A Special Issue of The Journal of Higher Education Responds to Legislative Attacks on Colleges and Universities

November 4, 2025

By Royel M. Johnson
USC Rossier Associate Professor

Last spring, I reached out to my colleague and friend Stephen John Quaye, editor of The Journal of Higher Education, about the need for a special issue that could meet this moment. Across the country, we were watching statehouses advance a wave of legislation designed to silence educators, criminalize dissent and dismantle decades of progress toward inclusion. These attacks on diversity, equity and inclusion (DEI) programs — and the teaching of race, gender and sexuality — were not isolated incidents. They were coordinated efforts to control what knowledge counts, whose voices matter and what stories get told.

Stephen shared the same sense of urgency, and soon after, he invited me to co-edit the issue with two extraordinary scholars whose work I deeply admire — Liliana M. Garces of the University of Texas at Austin and Kaleb Briscoe Brown of the University of Oklahoma. Together, we began to imagine what it would look like to bring leading researchers, practitioners and policy thinkers into conversation about the scale and stakes of this legislative onslaught. The result is the first special issue The Journal of Higher Education has published in nearly twenty years: “Countering Legislative Attacks on Higher Education: Challenges, Strategies, and Future Directions.”

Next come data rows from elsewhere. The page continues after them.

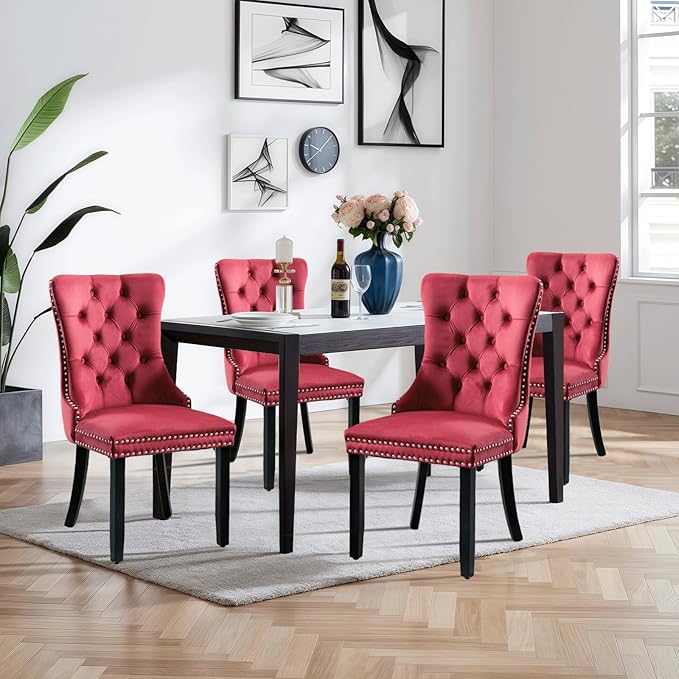 Velvet Upholstered Dining Chairs Set of 4, Modern Style Kitchen Side Chairs with Nailhead Trim and Wood Legs,Metal Pulling Ring for Dining Room Living Room(Wine Red,Set of 4)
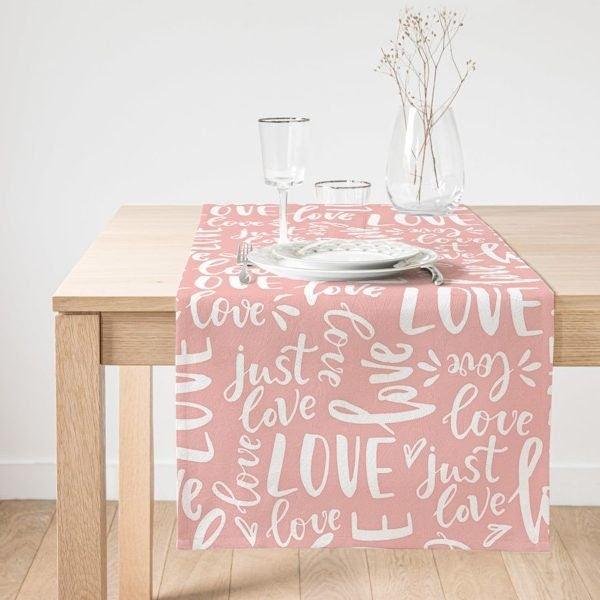 Valentine's Day Table Runner|Sweet Love Table Top|February 14 Home Decor|Romantic Heart Kitchen Table Decor|Gift Tablecloth for Sweetheart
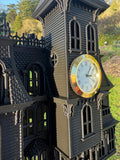 Miniature Black Addams Clock House O-Scale Victorian Mansion Nevermore Built-In Clock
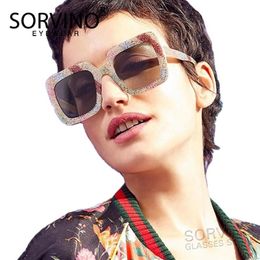 Designer Retro Square Sunglasses Women 2021 High Quality GLITTER Rainbow Color Stripe Hipster Summer Sun Glasses Shades SP1262553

We received more than 70 submissions. This reflects both the scholarly appetite for analysis and the depth of anxiety within our field. The nine articles we ultimately published are field-shaping. Collectively, they offer insight into the political and ideological forces driving anti-DEI, anti-CRT, and anti-LGBTQ+ legislation; examine the toll these policies have taken on educators and students; and offer pathways for resistance, resilience, and institutional adaptation.

In our introduction, we describe how these legislative efforts rely on what scholars have defined as repressive legalism — the strategic use of law and bureaucratic threats to suppress equity work that is still legal. Faculty and administrators retreat out of fear of lawsuits, not because they have broken any law, but because they have internalized the chilling message that equity itself is dangerous. That fear is the point. It produces silence, erases dissent, and allows authoritarian logics to take root under the banner of compliance.

As my co-editors and I argue, these attacks are not simply about DEI — they are about democracy. When lawmakers dictate what can be taught, who can belong, and which histories are permissible, they are not safeguarding education; they are weaponizing it. Universities, long considered laboratories of critical thought and civic formation, are being recast as ideological battlegrounds. The aim is to delegitimize higher education’s public purpose and reassert the primacy of power over truth.

Yet the issue also brings to life what real courage looks like on the ground. In the pages of this special Journal issue, you’ll meet faculty who quietly reshape their lessons to make space for hard conversations, even when the rules say otherwise. You’ll hear about campus attorneys who spend late nights puzzling over legal loopholes, determined to protect their colleagues’ right to speak freely. You’ll see staff members who, after long days at work, come together to organize support networks for students who feel targeted or alone. These stories aren’t just about isolated acts of defiance — they are about people looking out for each other, building strength together and refusing to give up on what matters. They remind us that higher education is at its best when it dares to question power, not just reflect it.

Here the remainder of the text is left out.